6. The Tribunal has, however, disallowed that expenditure in the instant case because the Tribunal has held that the liability of the assessee to pay retrenchment compensation arose on account of the closure of its business carried on at one of its two theatres. The question for consideration is whether the Tribunal was right in holding that if business was discontinued at one place but the same business was carried onby the assessee at another place, still it would amount to a closure of its business by the assessee.
7. In CIT v. C. Parakh & Co. (India) Ltd. : 29ITR661(SC) , the Supreme Court has held that where an assessee carried on one and the same business at a number of places, for the purpose of Section 28 of the Act, there is only one business and the net profits of the business have to be ascertained by pooling together the profits earned in all the branches and deducting therefrom all the expenses. The Tribunal was, therefore, not justified in holding that the business of exhibition of films carried on by the assessee at Raj Talkies was distinct from the business of exhibition of films carried on by the assessee at Shrikrishna Cinema, because accounts of each theatre were maintained separately by the assessee.

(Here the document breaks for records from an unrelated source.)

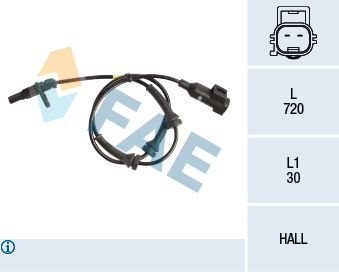 ABS SENSORU ARKA R-L RANGE ROVER EVOQUE L538 11>19 - FAE 78212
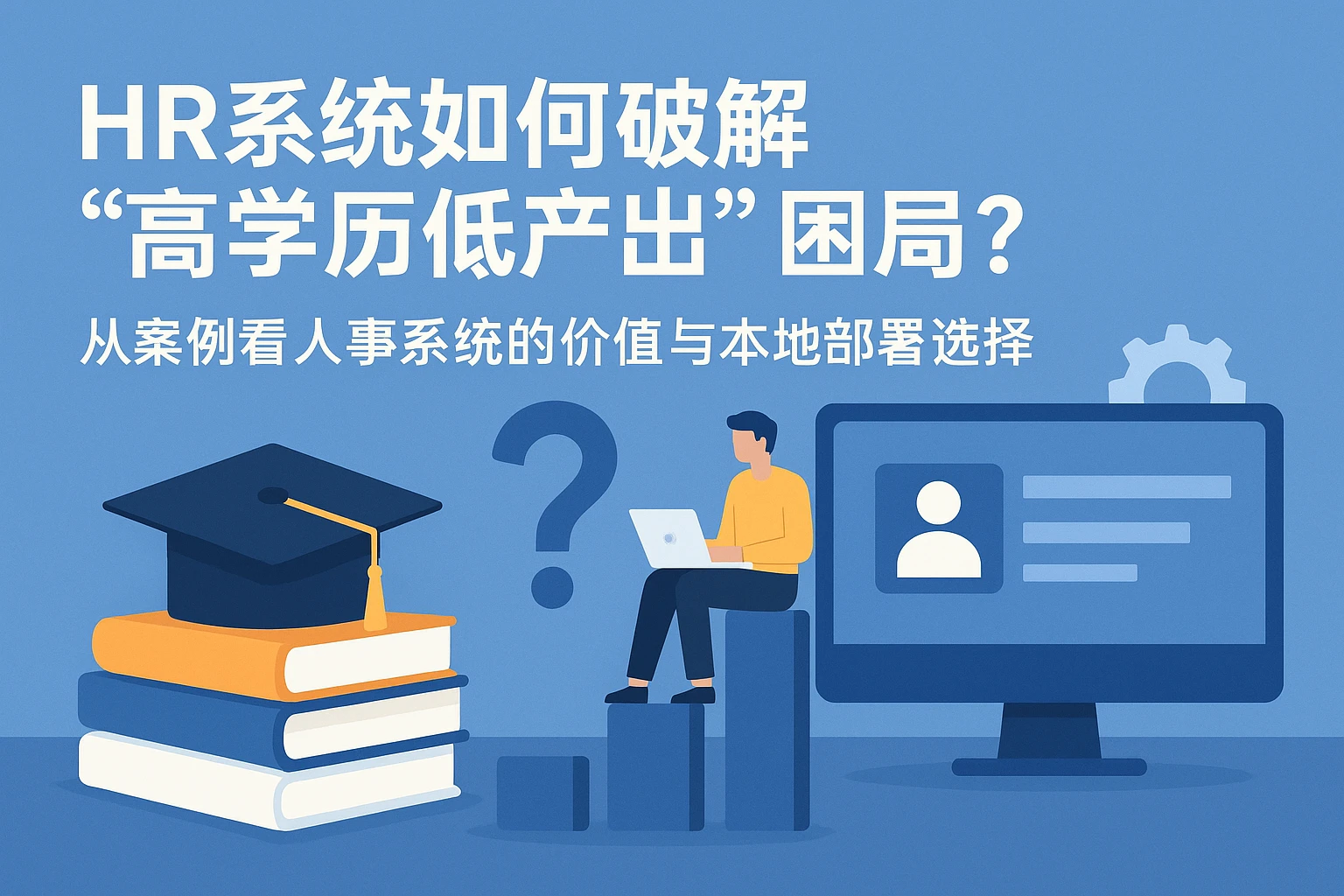 HR系统如何破解“高学历低产出”困局？从案例看人事系统的价值与本地部署选择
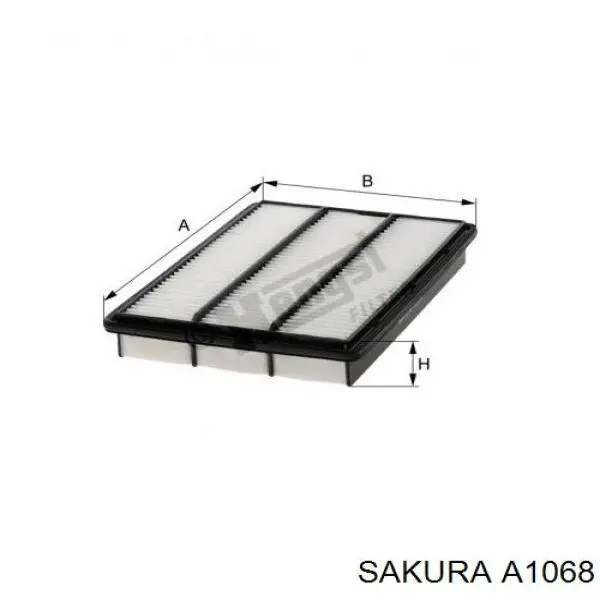 A1068 Sakura Повітряний фільтр двигуна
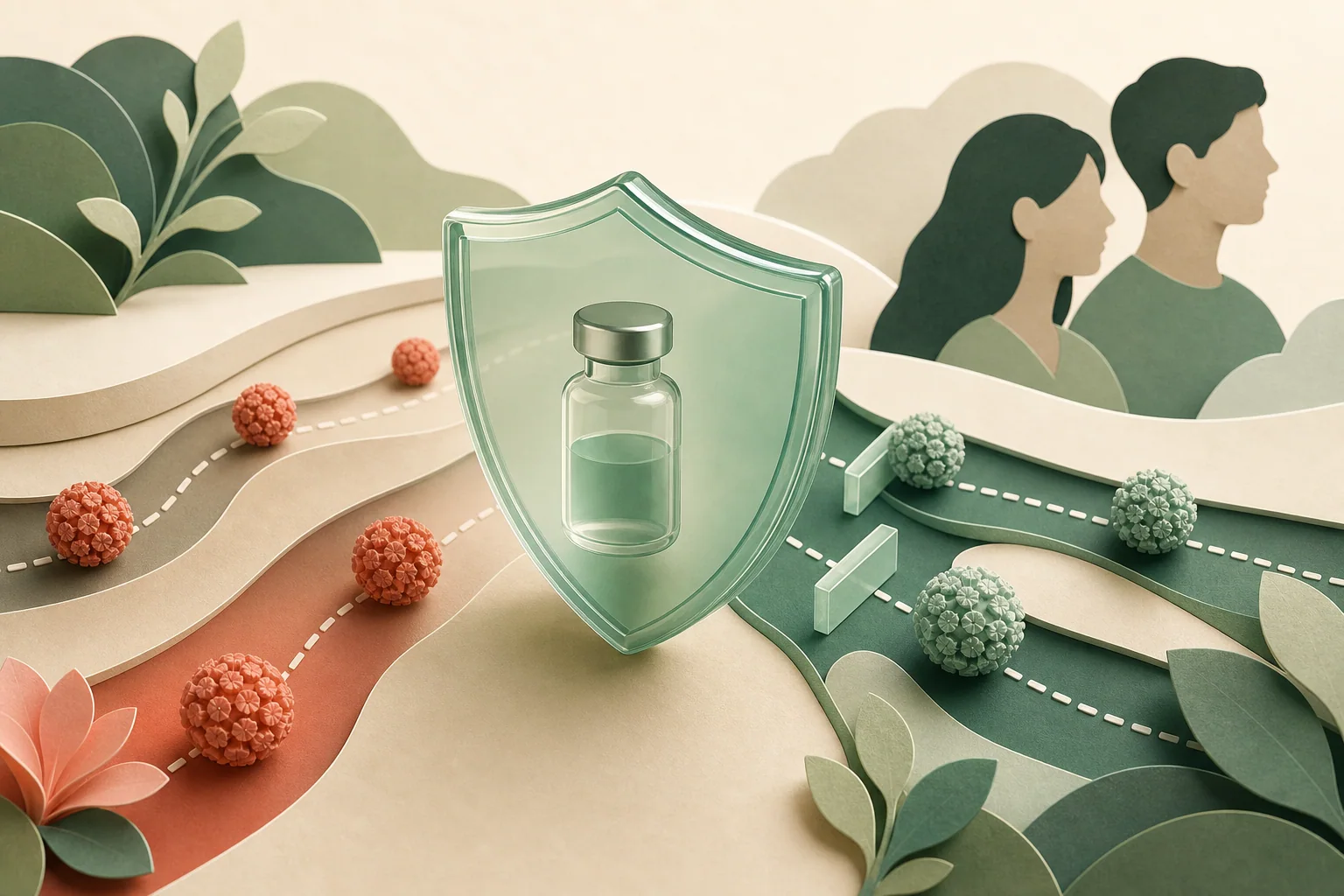 Một số type HPV đã tiếp xúc và nhiều type còn có thể phòng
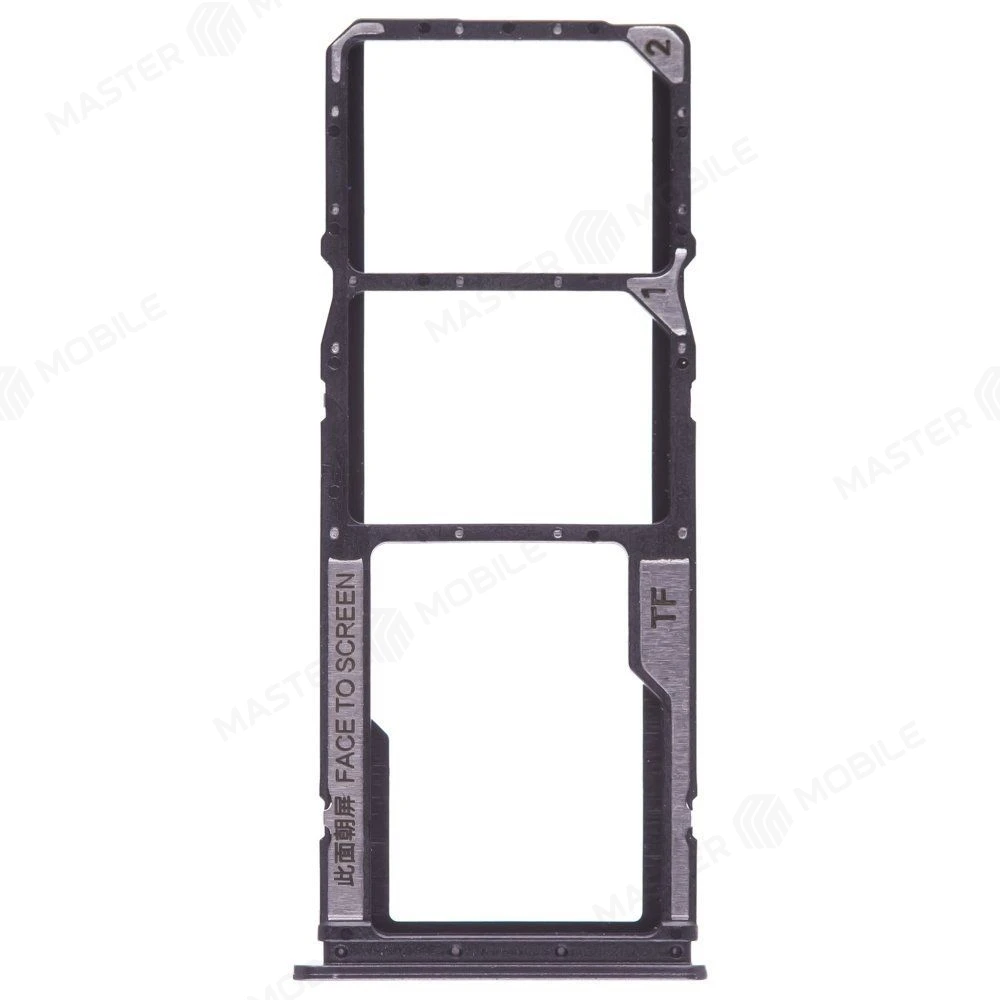 Держатель сим-карты для Xiaomi Poco M5s (2207117BPG) (серый) фото №1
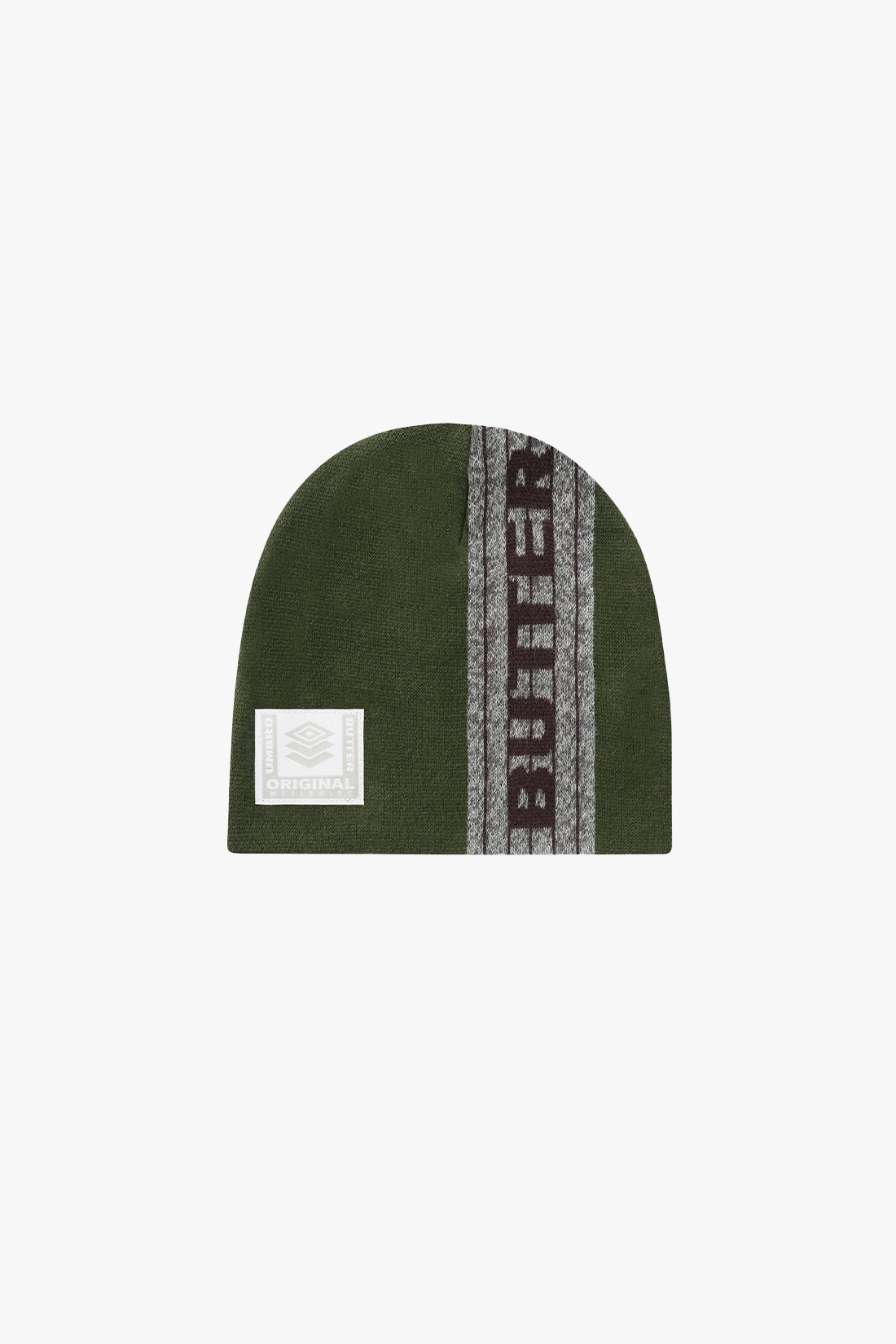 Butter x umbro Athletica skully beanie Sage GRADUATE STORE FR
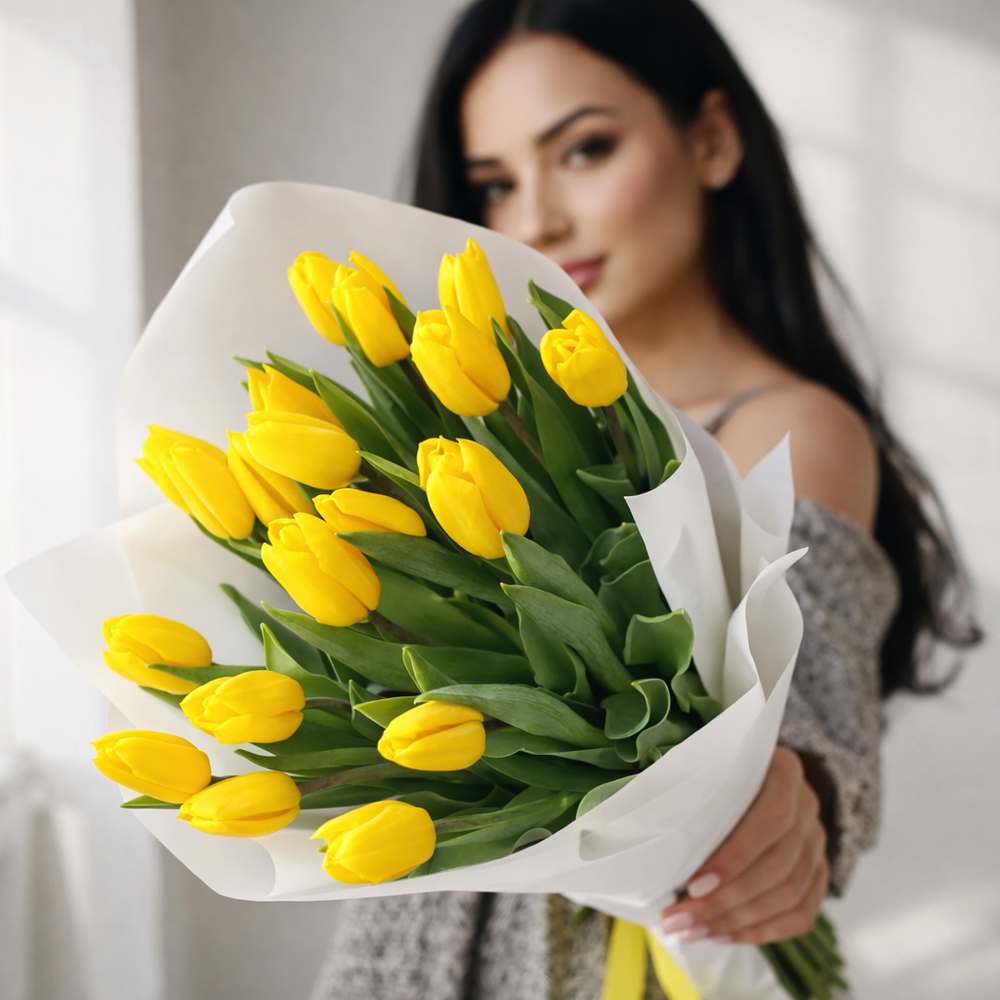 Букет из желтых тюльпанов "Yellow Tulips"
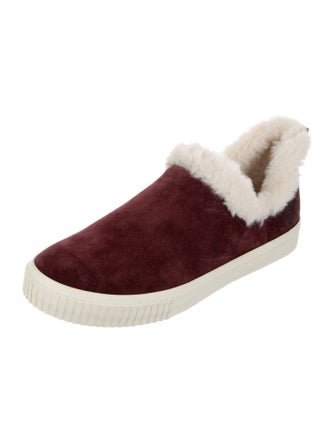 Timberland Suede Fur Trim Sneakers
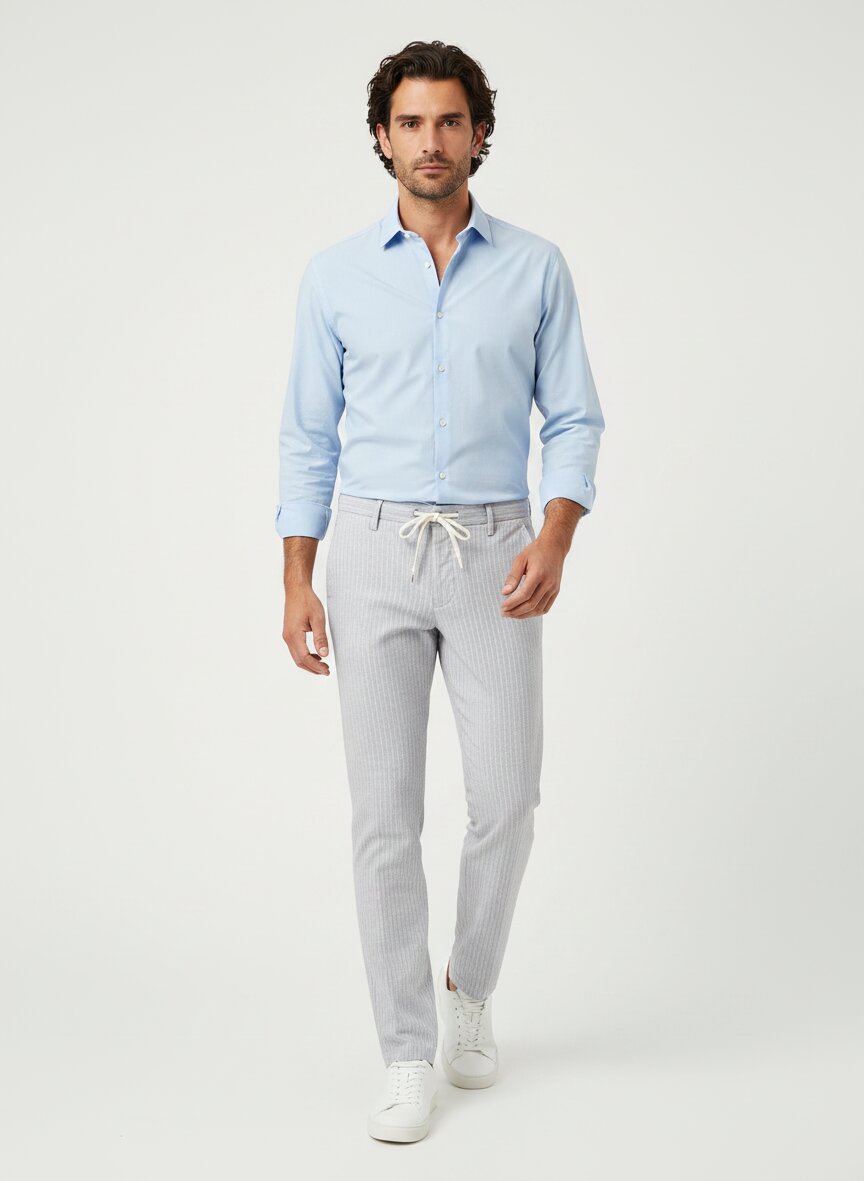 Alberto Slim Fit Jump Summer Stripe 30371531/048 Image 1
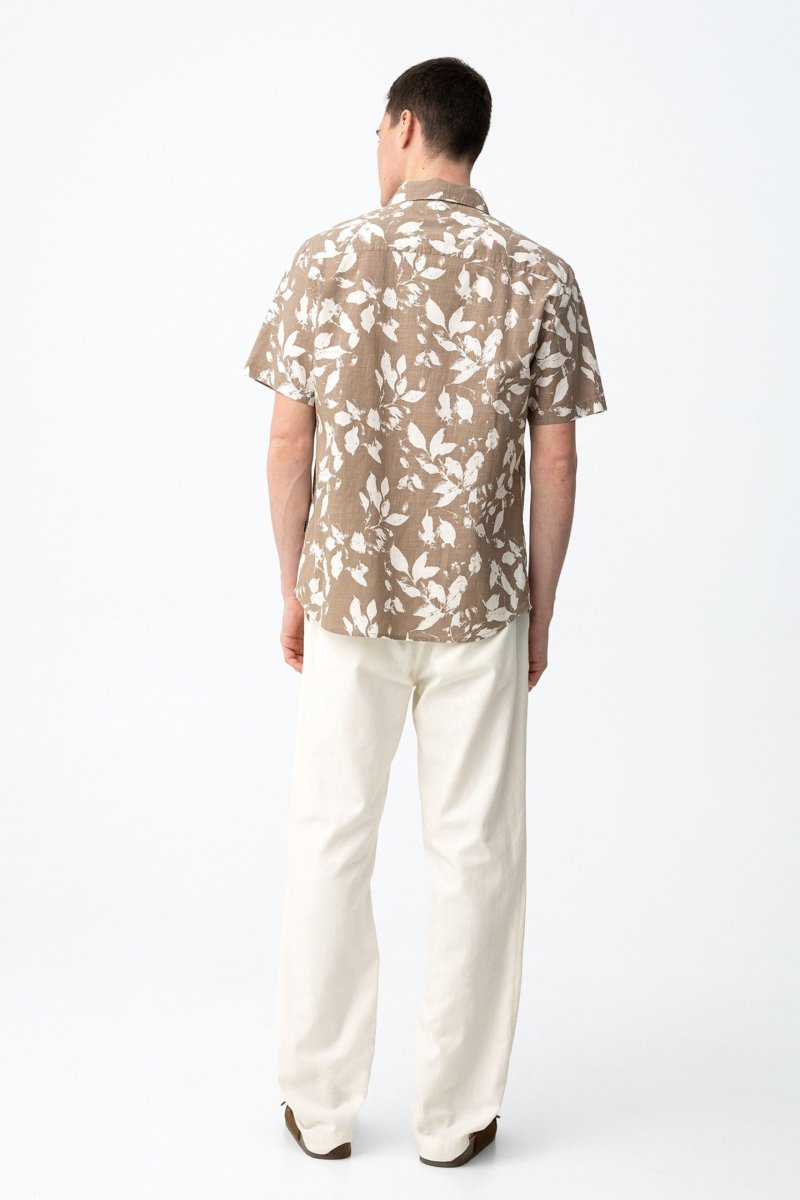 Pantalón chino relaxed blanco - Imagen 3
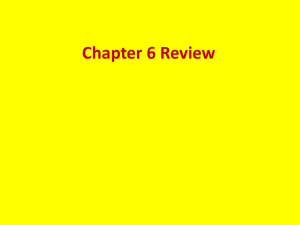 Chapter 6 Review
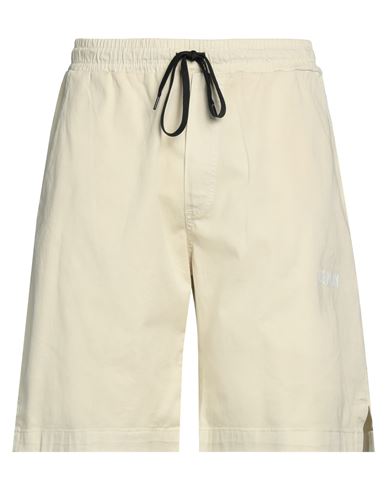 Ice Play Man Shorts & Bermuda Shorts Light Yellow Size 36 Cotton, Elastomultiester, Elastane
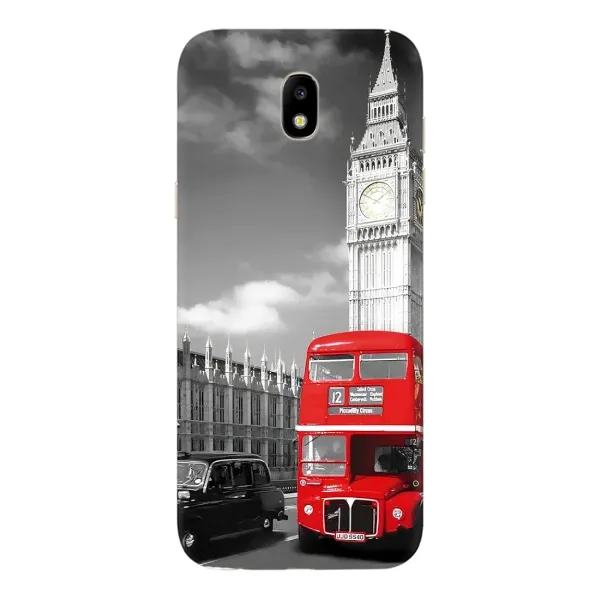 Чехол с рисунком «Красный автобус» для Samsung Galaxy J5 2017 (J530F EU)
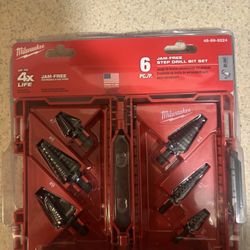 Milwaukee Step Bit Drill Set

It was the same business that was carried on by the assessee at two places and hence a discontinuance of business at one place by the assessee would not amount to a closure of that business.
8. Now, if there is no closure of the business of exhibition of films by the assessee during the relevant assessment year, the liability of the assessee to pay retrenchment compensation on account of discontinuance, of its business at one theatre, cannot be held to be a liability arising on account of closure of its business. The decision in CIT v. Gemini Cashew Sales Corporation : 65ITR643(SC) , relied upon by the Tribunal and that in Venkatesa Colour Works v. CIT : 108ITR309(Mad) , relied upon by the learned counsel for the Department are, therefore, distinguishable on facts. In these cases, the liability to pay retrenchment compensation had arisen on account of transfer or closure of the business carried on by the assessee and it was, therefore, held that the liability arose not in the carrying on of the business of the assessee, but after the closure of the business. As already observed, in the instant, case, the discontinuance of its business by the assessee at one of its theatres did not result in a closure of that business by the assessee. Once this conclusion is reached, it must be held that the Tribunal wrongly disallowed the deduction claimed by the assessee on account of retrenchment compensation paid by it to its employees, employed at one of its theatres.
8. For all these reasons, our answer to the question referred to this court is in the negative and against the Department. Parties shall bear their own costs of this reference.